In the eyes of the Muslims that surround them, the Yezidi are "not Christians, they are not Muslim, they are not Jewish. They are just a little bit a higher level being than a mouse."

Habash also voiced his skepticism that Kurds, who have been sheltering Christians fleeing other parts of Iraq and even building churches for them, would be as accepting of them should Kurds be granted their own state, citing "perpetual enmity between the Christians and the Kurds."

The bishop added he would prefer to see a "united Iraq," saying that would provide the greatest guarantee against ethnic violence.

Rep. Jeff Fortenberry, one of the lawmakers visited by the Yezidi delegation, is reported to be drafting a bill that would call for the creation of internationally patrolled "protected zones" within Iraq, including one for the Yezidi.
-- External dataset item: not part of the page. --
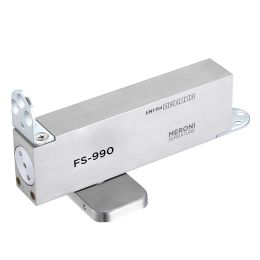 Cerniera chiudiporta a pavimento Meroni FS990 per porte a bilico pivot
Habash cautioned against such a move, saying it could lead to the creation of three or more separate states within Iraq's current borders.

But David Lazar of the American Mesopotamian Organization, a member of the delegation, said boundary redrawing may already be taking place given Syria's civil war and the Islamic State's declaration of a caliphate, much of whose territory would include a big chunk of present-day Iraq.

Lazar added that the Iraqi government, which has been slow to form, is undergoing a "Lebanonization," guaranteeing that representatives of the most significant religious and ethnic groups in the country get choice leadership spots.

Ismail called the current Iraqi government "corrupted" and "dysfunctional," and argued that protected zones would provide a buffer from ethnic violence while giving a new government time to establish its authority over the country.